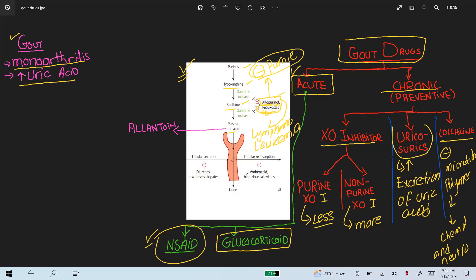The uricosuric drugs — such as probenecid — inhibit the reabsorption of uric acid at the proximal tubules of the nephron. When reabsorption is decreased, it leads to decreased serum uric acid concentration. High-dose salicylates like aspirin have the same effect, as they also inhibit tubular reabsorption of uric acid at the proximal tubule.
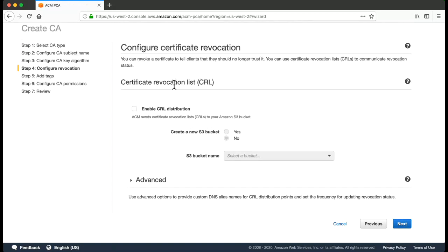CRL is basically if you want to set up a Certificate Revocation List stating once a Certificate Authority has issued a certificate, after that if you want that Certificate Authority to revoke that certificate for some reasons, then you can enable a Certificate Revocation List.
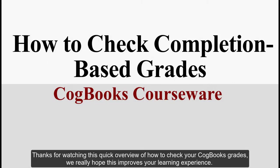Thanks for watching this quick overview of how to check your Cogbooks Grades. We really hope this improves your learning experience.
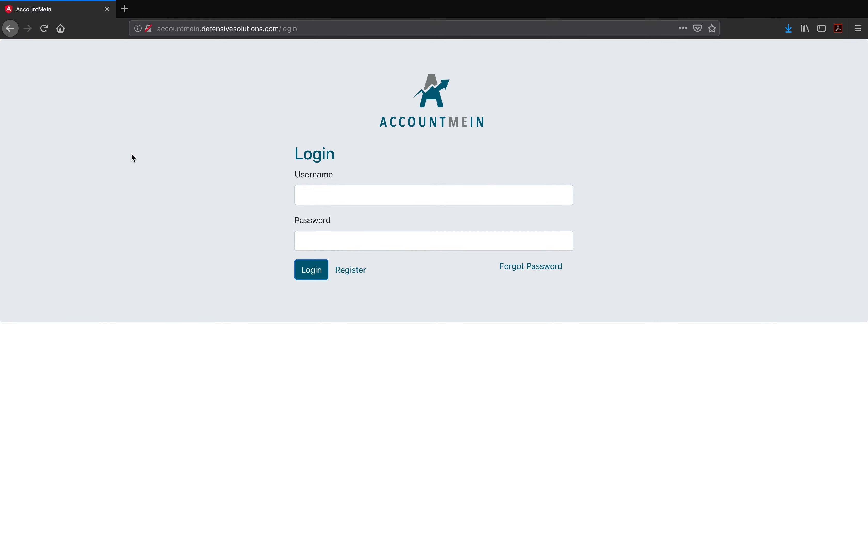Hello everyone and welcome to the AccountMeIn video tutorial of the software that we created this semester. Just for reference, this software was created using the MEAN stack. During this tutorial I'll go over some of the features and functionalities we included in the software this semester.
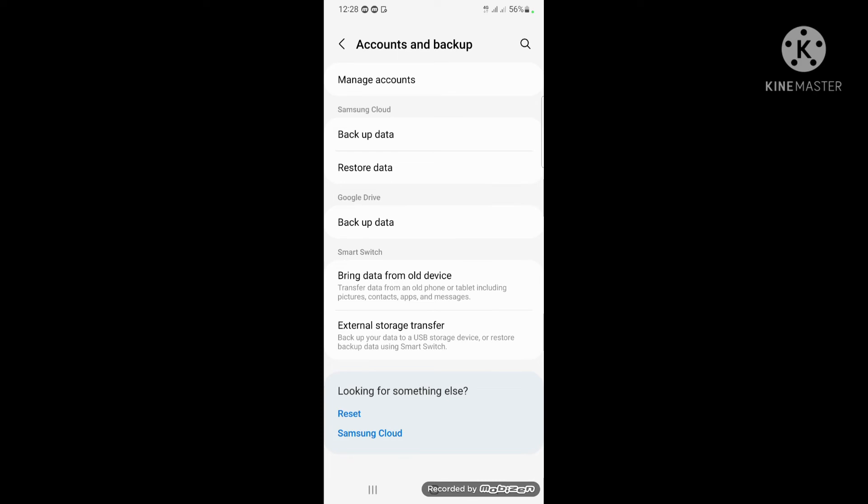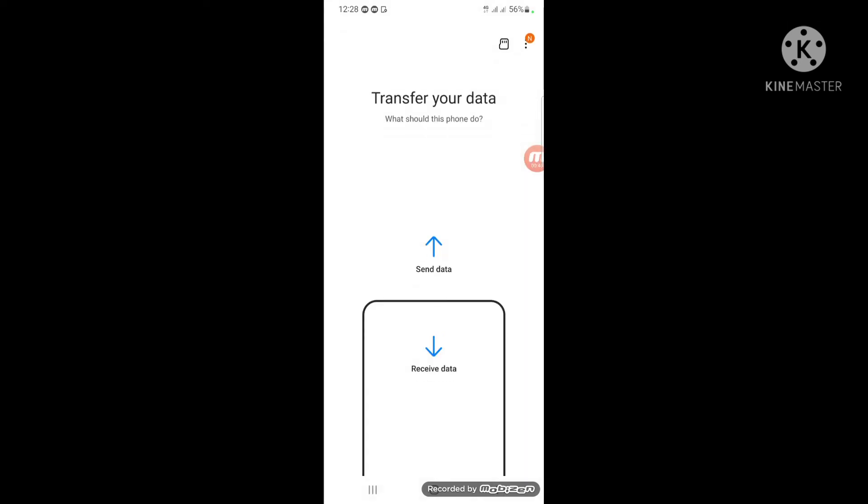Select 'Bring data from old device' and open this. You need to open your old phone with the same settings. Now, if you want to transfer your data from your phone to your new phone, follow these steps.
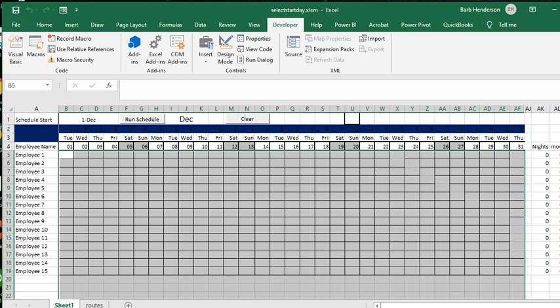So I'm going to select Sunday for the next one and if I run the schedule here it's going to start on the first Sunday of this month.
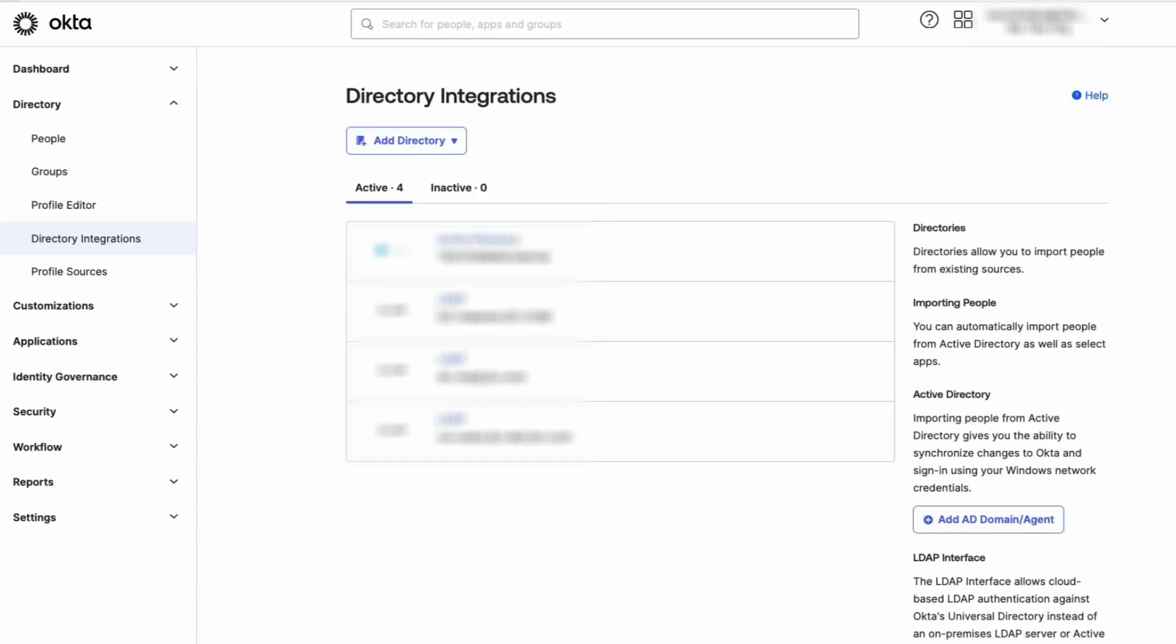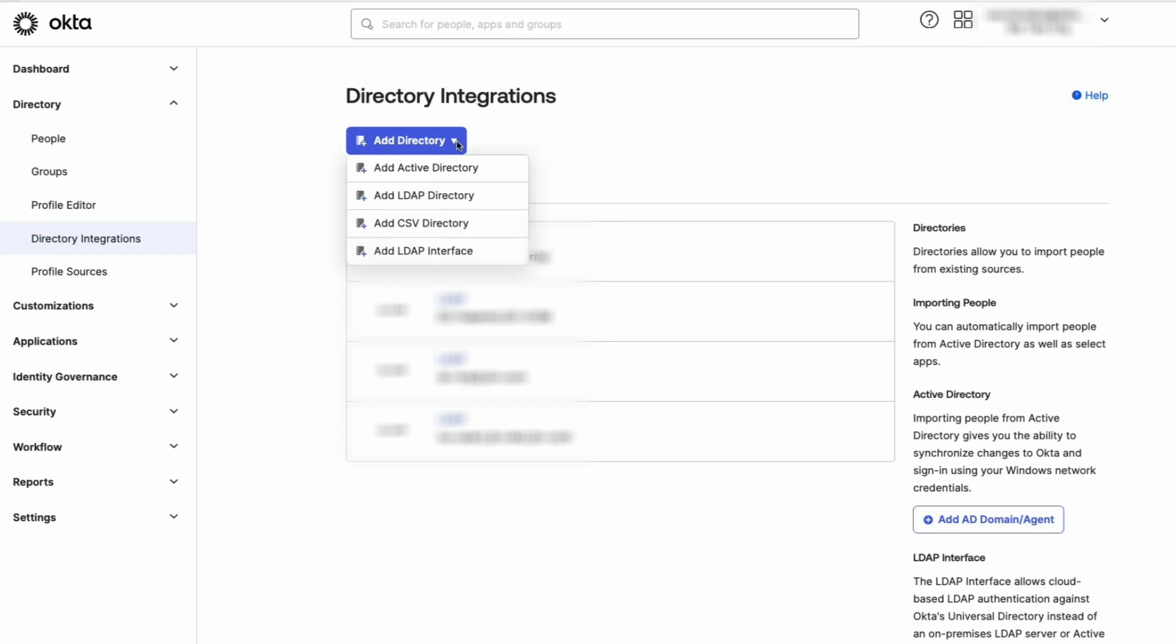If you do not have any directory integrations configured, click the Add LDAP Interface button. If you have other directory integrations configured, select Add LDAP Interface from the Add Directory dropdown.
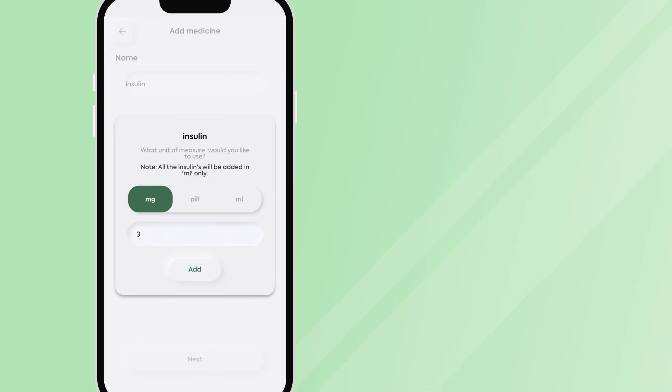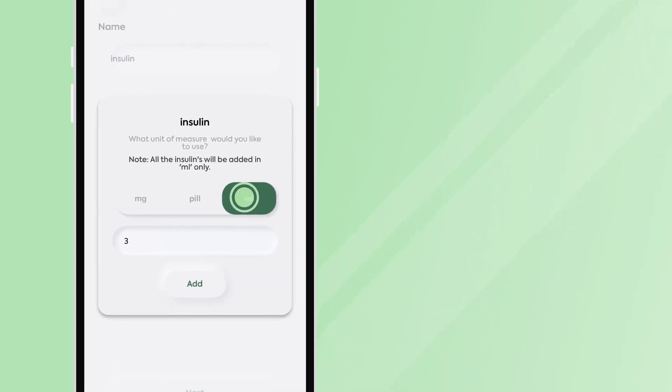When entering your insulin measurements, please make sure to choose the milliliter option. It will not work in milligram or pill.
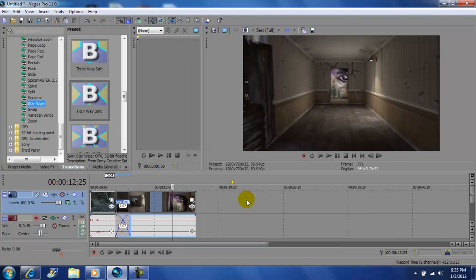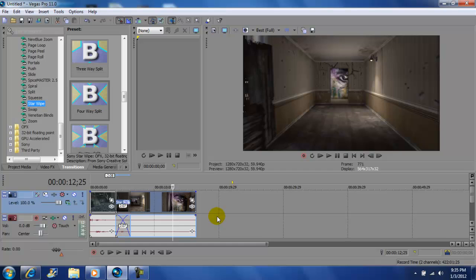Okay, what I'm gonna do right now is I'm gonna render this out and I'm gonna show you guys how it looks in real time. Again, this video today was an updated video on transitions in Vegas Pro 11. I'm John Gotti. Please comment, rate, subscribe, and I'll talk to you guys later.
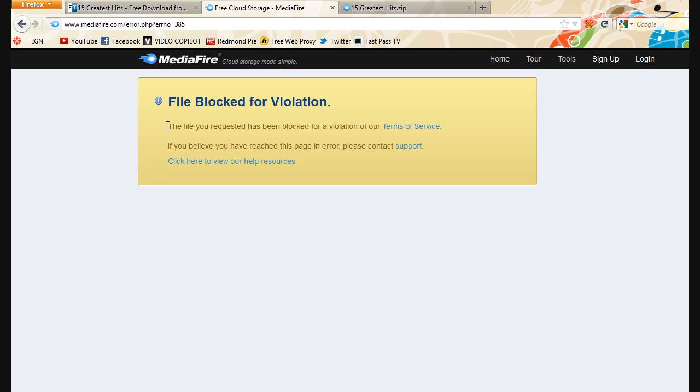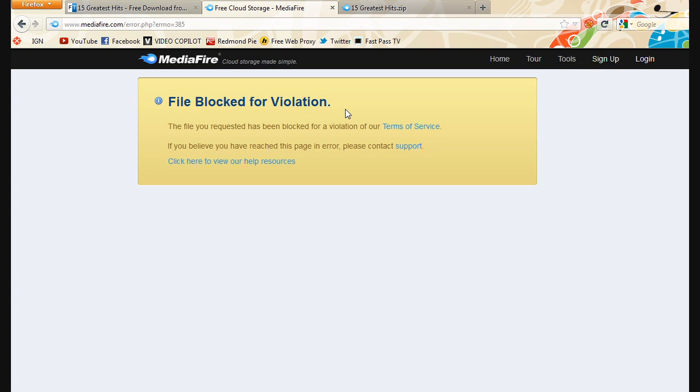It's just an update video for Mediafire and also the Instalist Mediafire because it has the same thing, file blocked for violation. It doesn't say OOPS385 error anymore, it says this.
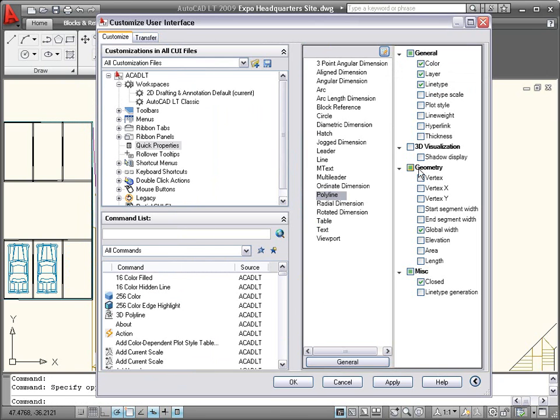For each object type, you can specify which properties will be displayed in the Quick Properties window.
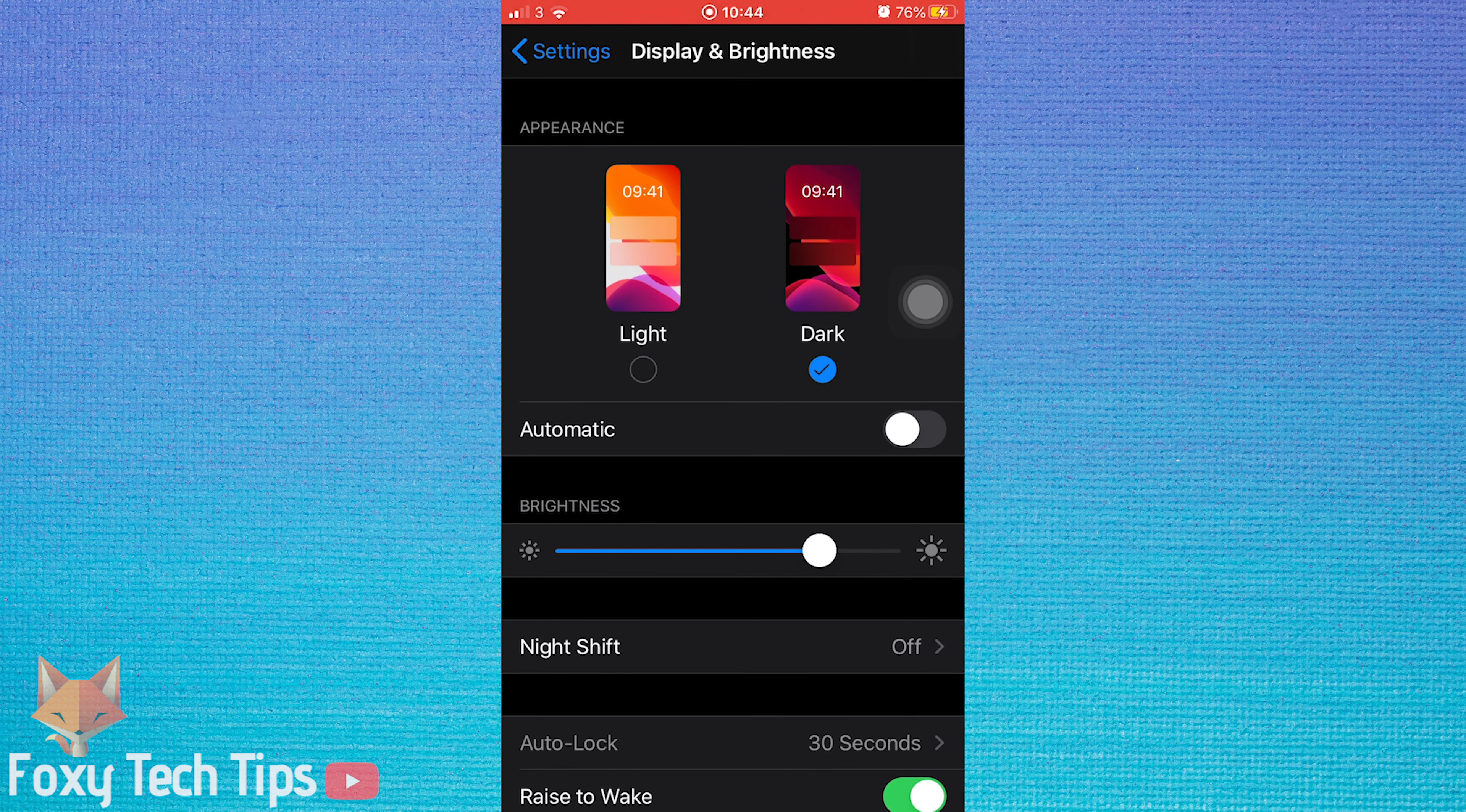If you would like an easy way to switch between dark mode and light mode, you can add a dark mode control to your control center. To do that,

# [YOUR OBJECTIVE]
Line by line, return the listing above exactly, leaving out its pictures.

# [SOLUTION TO THE EXERCISE]
The uricosuric drugs — such as probenecid — inhibit the reabsorption of uric acid at the proximal tubules of the nephron. When reabsorption is decreased, it leads to decreased serum uric acid concentration. High-dose salicylates like aspirin have the same effect, as they also inhibit tubular reabsorption of uric acid at the proximal tubule.
CRL is basically if you want to set up a Certificate Revocation List stating once a Certificate Authority has issued a certificate, after that if you want that Certificate Authority to revoke that certificate for some reasons, then you can enable a Certificate Revocation List.
Thanks for watching this quick overview of how to check your Cogbooks Grades. We really hope this improves your learning experience.
Hello everyone and welcome to the AccountMeIn video tutorial of the software that we created this semester. Just for reference, this software was created using the MEAN stack. During this tutorial I'll go over some of the features and functionalities we included in the software this semester.
Select 'Bring data from old device' and open this. You need to open your old phone with the same settings. Now, if you want to transfer your data from your phone to your new phone, follow these steps.
So I'm going to select Sunday for the next one and if I run the schedule here it's going to start on the first Sunday of this month.
If you do not have any directory integrations configured, click the Add LDAP Interface button. If you have other directory integrations configured, select Add LDAP Interface from the Add Directory dropdown.
When entering your insulin measurements, please make sure to choose the milliliter option. It will not work in milligram or pill.
Okay, what I'm gonna do right now is I'm gonna render this out and I'm gonna show you guys how it looks in real time. Again, this video today was an updated video on transitions in Vegas Pro 11. I'm John Gotti. Please comment, rate, subscribe, and I'll talk to you guys later.
It's just an update video for Mediafire and also the Instalist Mediafire because it has the same thing, file blocked for violation. It doesn't say OOPS385 error anymore, it says this.
For each object type, you can specify which properties will be displayed in the Quick Properties window.
If you would like an easy way to switch between dark mode and light mode, you can add a dark mode control to your control center. To do that,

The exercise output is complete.